By the time of Betty Everett's first hit in 1963 ("You're No Good"), Mississippi born Betty had been recording since 1957 (in Chicago, where she moved to pursue a singing career).
Gifted with a voice that possessed amazing pitch control (just MARVEL at how she slides in and around notes here) and power, Betty SHOULD have seen far more hit singles throughout her career. Perhaps this side was a bit too raw (even the slick string arrangement can't cover up the urgency and fire of the backing band), but it's a fantastic showcase for her fantastic voice. It was released twice; once on the tiny Renee label, then picked up for national distribution by One-Der-Ful.
These Commotions (the name has been used by several groups through the years) released two singles, one of which was on the Blue Rock label; this leads me to believe that they may have been a Chicago group. I can't find any other info about them, although producer/ co-writer Clarence Lawton was quite active on the soul/ disco scene in the '70's.

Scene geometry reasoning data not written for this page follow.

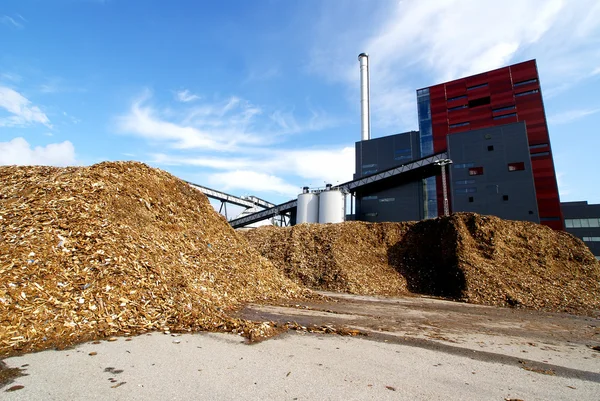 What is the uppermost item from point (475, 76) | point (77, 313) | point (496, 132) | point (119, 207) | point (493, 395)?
point (475, 76)

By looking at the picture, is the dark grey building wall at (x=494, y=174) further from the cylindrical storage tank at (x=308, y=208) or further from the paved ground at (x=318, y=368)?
the paved ground at (x=318, y=368)

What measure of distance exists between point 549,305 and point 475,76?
169 feet

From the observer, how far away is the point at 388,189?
1719 inches

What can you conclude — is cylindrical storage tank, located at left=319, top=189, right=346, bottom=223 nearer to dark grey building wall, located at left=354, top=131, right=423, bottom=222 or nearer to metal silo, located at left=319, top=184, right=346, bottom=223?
metal silo, located at left=319, top=184, right=346, bottom=223

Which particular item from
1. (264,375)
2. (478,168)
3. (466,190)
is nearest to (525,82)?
(478,168)

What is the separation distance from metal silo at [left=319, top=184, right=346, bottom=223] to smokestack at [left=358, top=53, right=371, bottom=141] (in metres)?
19.8

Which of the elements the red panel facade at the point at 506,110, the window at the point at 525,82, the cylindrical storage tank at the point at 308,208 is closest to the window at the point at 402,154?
the red panel facade at the point at 506,110

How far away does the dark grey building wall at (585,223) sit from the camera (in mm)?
46469

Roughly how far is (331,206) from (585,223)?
43530 mm

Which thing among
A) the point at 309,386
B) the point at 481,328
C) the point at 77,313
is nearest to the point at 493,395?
the point at 309,386

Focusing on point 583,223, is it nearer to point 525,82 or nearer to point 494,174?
point 525,82

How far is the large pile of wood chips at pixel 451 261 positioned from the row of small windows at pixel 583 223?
42.7m

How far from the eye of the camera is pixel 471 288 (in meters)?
12.9

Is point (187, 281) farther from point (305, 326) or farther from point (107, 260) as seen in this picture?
point (305, 326) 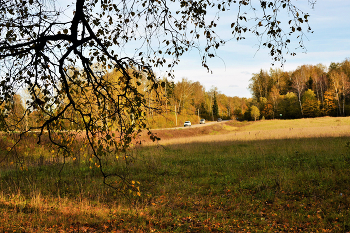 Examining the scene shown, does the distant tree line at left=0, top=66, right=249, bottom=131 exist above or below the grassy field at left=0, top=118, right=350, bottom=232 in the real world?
above

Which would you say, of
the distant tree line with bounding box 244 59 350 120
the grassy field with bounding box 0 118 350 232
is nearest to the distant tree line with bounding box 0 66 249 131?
the grassy field with bounding box 0 118 350 232

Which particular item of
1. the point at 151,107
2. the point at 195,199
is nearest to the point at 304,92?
the point at 195,199

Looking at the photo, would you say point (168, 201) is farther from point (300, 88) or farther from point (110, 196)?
point (300, 88)

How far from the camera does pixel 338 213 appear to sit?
5961mm

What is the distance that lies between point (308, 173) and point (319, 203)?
2544mm

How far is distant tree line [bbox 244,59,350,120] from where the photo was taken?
53.9m

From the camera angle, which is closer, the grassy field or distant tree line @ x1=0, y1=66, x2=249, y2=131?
distant tree line @ x1=0, y1=66, x2=249, y2=131

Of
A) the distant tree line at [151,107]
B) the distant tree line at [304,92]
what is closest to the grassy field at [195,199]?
the distant tree line at [151,107]

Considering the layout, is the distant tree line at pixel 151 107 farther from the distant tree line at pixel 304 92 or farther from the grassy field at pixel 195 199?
the distant tree line at pixel 304 92

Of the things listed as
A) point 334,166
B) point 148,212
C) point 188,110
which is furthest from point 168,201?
point 188,110

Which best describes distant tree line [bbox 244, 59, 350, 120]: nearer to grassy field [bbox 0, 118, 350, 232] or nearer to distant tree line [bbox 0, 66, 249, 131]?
distant tree line [bbox 0, 66, 249, 131]

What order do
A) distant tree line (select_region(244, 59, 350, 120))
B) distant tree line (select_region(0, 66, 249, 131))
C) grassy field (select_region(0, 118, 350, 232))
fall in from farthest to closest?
1. distant tree line (select_region(244, 59, 350, 120))
2. grassy field (select_region(0, 118, 350, 232))
3. distant tree line (select_region(0, 66, 249, 131))

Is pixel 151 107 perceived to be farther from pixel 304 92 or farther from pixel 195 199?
pixel 304 92

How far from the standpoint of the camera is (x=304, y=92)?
2308 inches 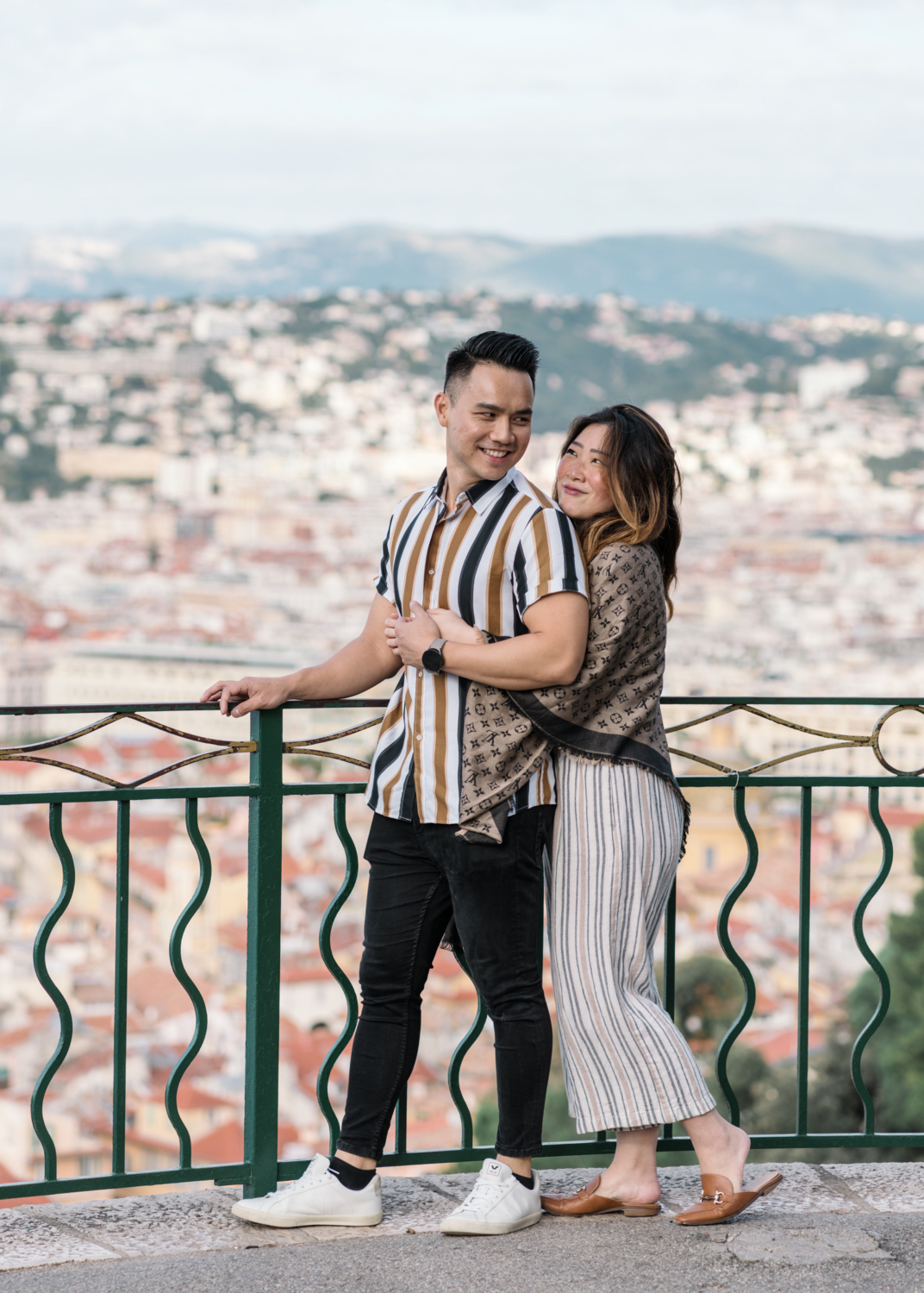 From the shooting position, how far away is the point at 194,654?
50.8 metres

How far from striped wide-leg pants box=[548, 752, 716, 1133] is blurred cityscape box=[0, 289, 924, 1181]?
2254 cm

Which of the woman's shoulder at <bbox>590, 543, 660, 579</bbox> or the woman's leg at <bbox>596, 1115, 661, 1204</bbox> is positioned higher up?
the woman's shoulder at <bbox>590, 543, 660, 579</bbox>

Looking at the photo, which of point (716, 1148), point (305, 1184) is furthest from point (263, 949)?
point (716, 1148)

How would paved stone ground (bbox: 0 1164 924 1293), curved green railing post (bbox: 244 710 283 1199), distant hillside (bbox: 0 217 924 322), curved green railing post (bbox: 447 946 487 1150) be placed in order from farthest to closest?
distant hillside (bbox: 0 217 924 322), curved green railing post (bbox: 447 946 487 1150), curved green railing post (bbox: 244 710 283 1199), paved stone ground (bbox: 0 1164 924 1293)

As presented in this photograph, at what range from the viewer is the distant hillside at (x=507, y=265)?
324ft

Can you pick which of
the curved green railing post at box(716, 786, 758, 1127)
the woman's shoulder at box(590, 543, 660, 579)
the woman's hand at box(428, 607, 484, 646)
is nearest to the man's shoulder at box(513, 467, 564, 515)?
the woman's shoulder at box(590, 543, 660, 579)

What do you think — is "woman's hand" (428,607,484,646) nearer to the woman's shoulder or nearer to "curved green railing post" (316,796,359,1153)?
the woman's shoulder

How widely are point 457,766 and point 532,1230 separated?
788mm

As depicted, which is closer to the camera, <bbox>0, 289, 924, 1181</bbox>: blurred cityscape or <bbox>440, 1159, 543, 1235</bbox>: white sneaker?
<bbox>440, 1159, 543, 1235</bbox>: white sneaker

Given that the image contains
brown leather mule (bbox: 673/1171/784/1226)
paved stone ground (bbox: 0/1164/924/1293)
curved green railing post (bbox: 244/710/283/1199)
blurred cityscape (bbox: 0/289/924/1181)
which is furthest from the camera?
blurred cityscape (bbox: 0/289/924/1181)

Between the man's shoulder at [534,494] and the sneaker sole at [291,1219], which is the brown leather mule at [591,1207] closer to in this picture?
the sneaker sole at [291,1219]

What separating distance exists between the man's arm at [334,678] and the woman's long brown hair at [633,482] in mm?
389

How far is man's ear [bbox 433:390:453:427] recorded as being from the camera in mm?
2160

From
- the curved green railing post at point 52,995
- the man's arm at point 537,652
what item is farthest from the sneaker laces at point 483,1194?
the man's arm at point 537,652
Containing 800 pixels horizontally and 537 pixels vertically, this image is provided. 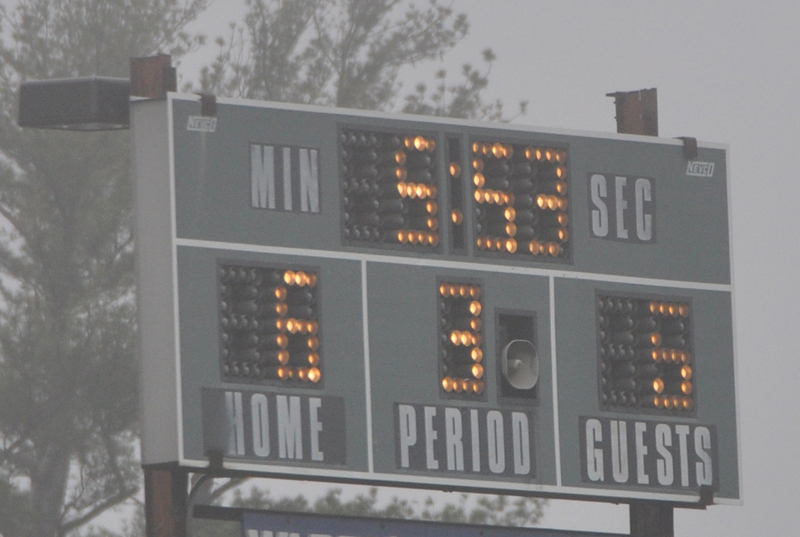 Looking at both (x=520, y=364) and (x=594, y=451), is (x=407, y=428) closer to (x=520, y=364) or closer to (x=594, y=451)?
(x=520, y=364)

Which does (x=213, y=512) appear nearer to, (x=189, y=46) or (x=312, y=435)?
(x=312, y=435)

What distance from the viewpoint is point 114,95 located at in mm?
11125

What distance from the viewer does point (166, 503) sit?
10.8 meters

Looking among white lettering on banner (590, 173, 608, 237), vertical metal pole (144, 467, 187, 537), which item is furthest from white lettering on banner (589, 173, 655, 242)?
vertical metal pole (144, 467, 187, 537)

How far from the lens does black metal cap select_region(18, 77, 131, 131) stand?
1104 centimetres

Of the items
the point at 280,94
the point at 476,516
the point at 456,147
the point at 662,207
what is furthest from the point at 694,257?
the point at 280,94

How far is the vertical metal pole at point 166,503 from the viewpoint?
10.8 meters

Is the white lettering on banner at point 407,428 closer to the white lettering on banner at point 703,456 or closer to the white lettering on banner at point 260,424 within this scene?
the white lettering on banner at point 260,424

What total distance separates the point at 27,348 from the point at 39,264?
4.54 feet

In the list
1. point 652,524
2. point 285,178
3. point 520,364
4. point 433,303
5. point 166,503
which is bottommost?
point 652,524

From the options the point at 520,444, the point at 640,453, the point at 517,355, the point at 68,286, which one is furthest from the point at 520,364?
the point at 68,286

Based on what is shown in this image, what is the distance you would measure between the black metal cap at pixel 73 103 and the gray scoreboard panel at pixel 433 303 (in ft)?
1.10

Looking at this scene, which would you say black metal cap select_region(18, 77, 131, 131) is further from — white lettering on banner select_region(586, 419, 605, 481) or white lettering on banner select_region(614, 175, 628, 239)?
white lettering on banner select_region(586, 419, 605, 481)

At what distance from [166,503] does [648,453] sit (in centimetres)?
291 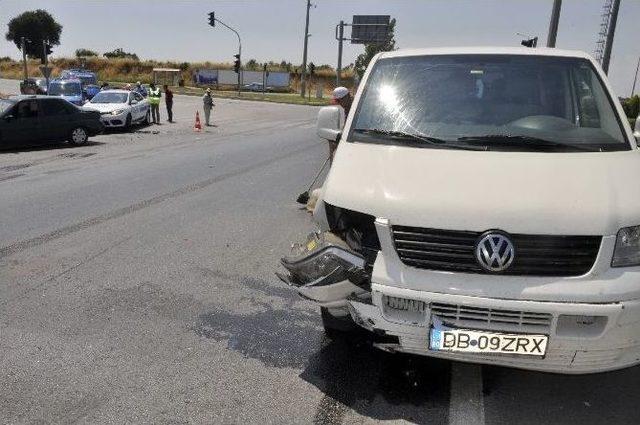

Whoever they were, they hit it HARD on this side, with some OUTTA SITE female vocals, and a groove that's so deep I guarantee you're gonna fall in. Bongos? Yes, please! A great record.
I've had this record sitting in my stack of potential 45's of the day for years, and I had forgotten how AMAZING it is; thankfully, it popped up on shuffle play on the ipod during a long road trip I took last week. Until this morning, I had no idea the story behind it and how HEAVY it actually is (a BIG thank you to Ayana @ darkjive.com and her research on the group).
I strongly recommend reading the whole story at the above link, but, in a nutshell, songwriter/ musician/ civil rights activist Oscar Brown Jr (composer of "Work Song" among other classics) contacted the notorious Chicago gang The Blackstone Rangers in 1967 about the possibilities of life beyond gangs. It turns out that the gang was full of talent, and Brown created a show call Opportunity, Please Knock that showcased the talents of these young people that didn't really have much of a chance in life. The show was a success and there was even a performance from the troupe on The Smothers Brothers Comedy Hour.
As for the record, it's extremely powerful stuff even without knowing the back story. Learning what I did this morning makes it even more extraordinary.
THE OPPORTUNITY PLEASE KNOCK CHORUS - ALL THIS TALK ABOUT FREEDOM
A gorgeous record from the waning days of the vocal group revival that happened in the late '60's. This seems to be the only release from this group, and I'm afraid that I don't have any biographical info on who they were or where they were from.
Whatever the story, these dudes could SING, and with a glorious harmony blend. Too bad they didn't have more chances to do their thing.